Within the lines below, the span from the line with "Aboriginal Artwork by" to the line with "Ancient Roman 1st", both ends included, is to be reproduced exactly, with pictures omitted.

RECORDED INFORMATION |
^^^^

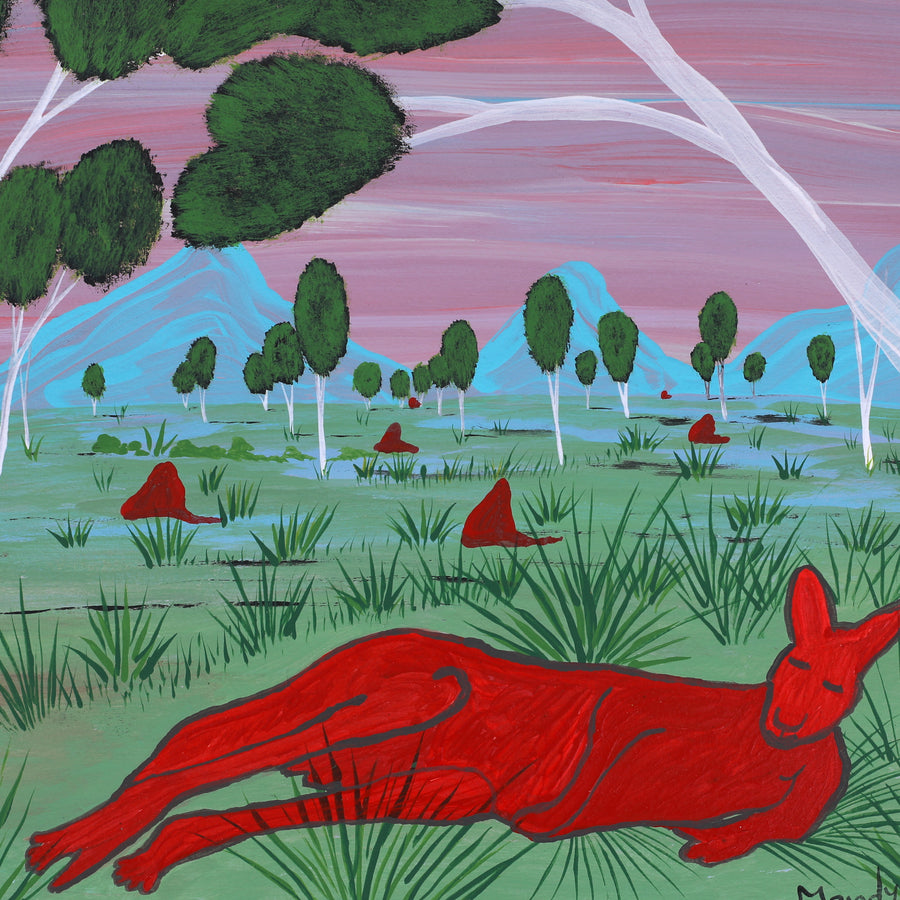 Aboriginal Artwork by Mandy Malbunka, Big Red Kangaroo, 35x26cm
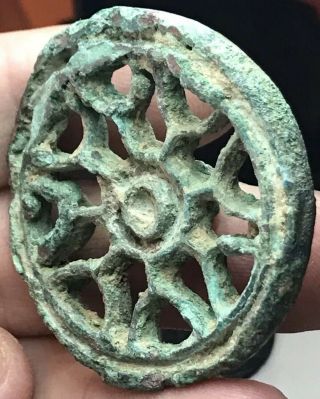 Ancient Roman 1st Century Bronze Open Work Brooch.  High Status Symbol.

^^^^

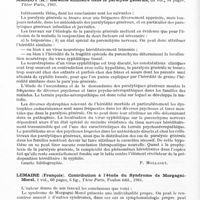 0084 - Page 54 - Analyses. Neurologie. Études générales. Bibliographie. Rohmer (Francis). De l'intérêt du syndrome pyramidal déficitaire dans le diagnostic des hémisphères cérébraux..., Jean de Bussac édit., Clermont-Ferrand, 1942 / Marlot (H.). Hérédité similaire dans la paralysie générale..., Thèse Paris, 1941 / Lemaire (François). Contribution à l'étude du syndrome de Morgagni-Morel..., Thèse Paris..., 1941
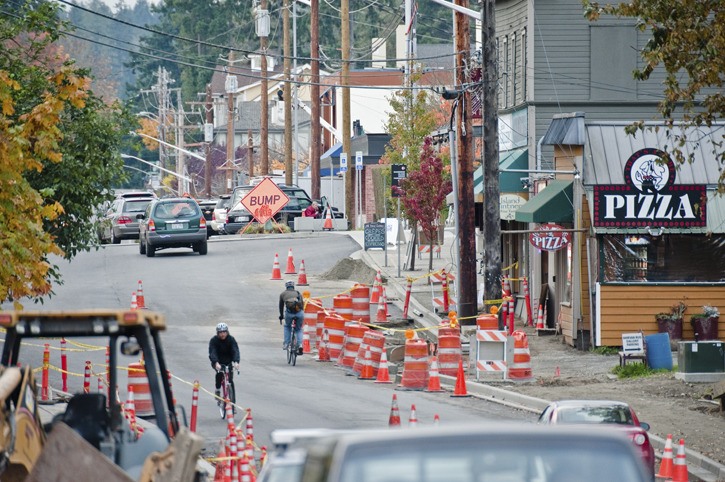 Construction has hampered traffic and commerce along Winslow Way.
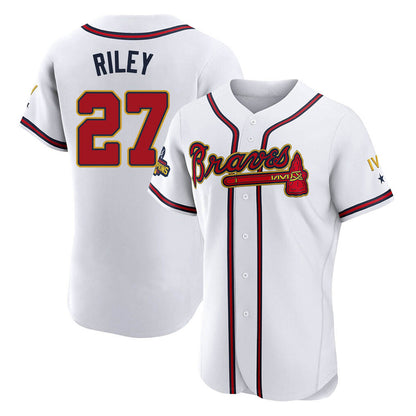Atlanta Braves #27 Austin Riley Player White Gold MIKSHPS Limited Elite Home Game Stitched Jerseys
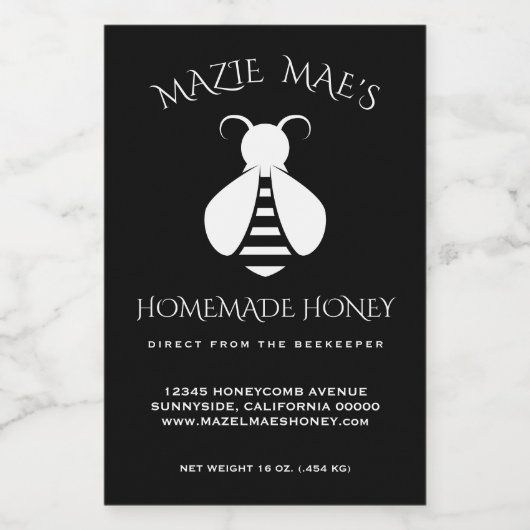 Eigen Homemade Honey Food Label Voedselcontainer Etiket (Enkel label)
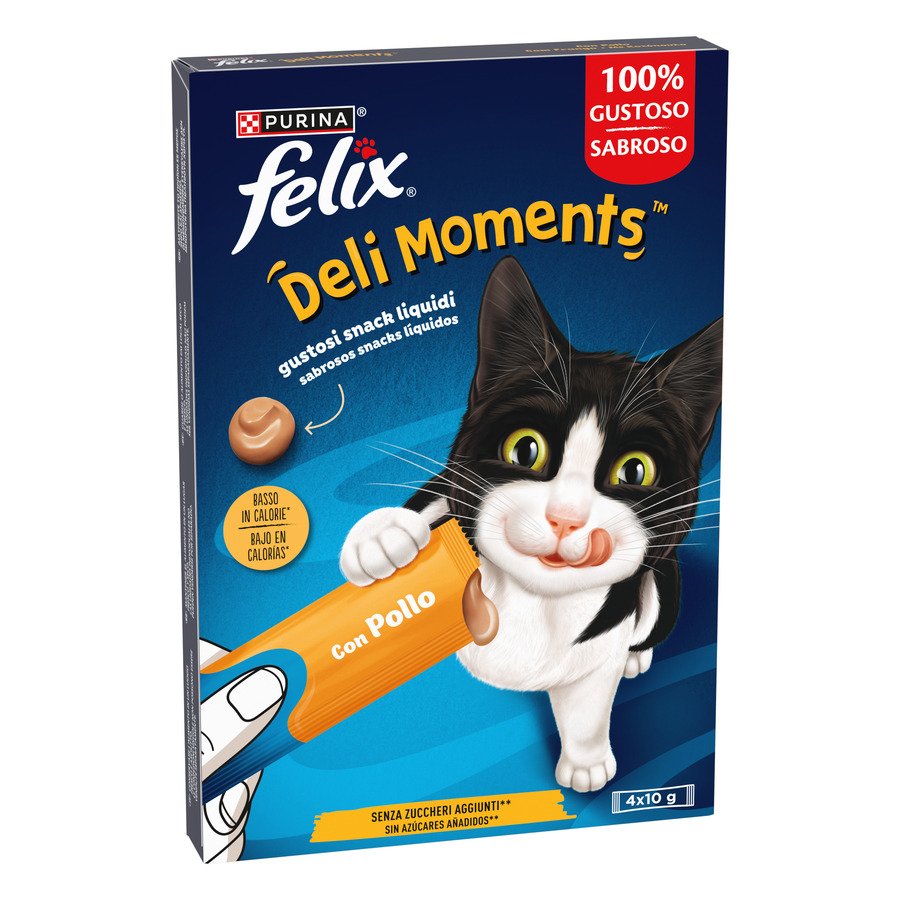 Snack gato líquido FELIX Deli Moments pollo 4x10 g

^^^^

SOLUTION FOR THIS TASK |
 Aboriginal Artwork by Mandy Malbunka, Big Red Kangaroo, 35x26cm
 Ancient Roman 1st Century Bronze Open Work Brooch.  High Status Symbol.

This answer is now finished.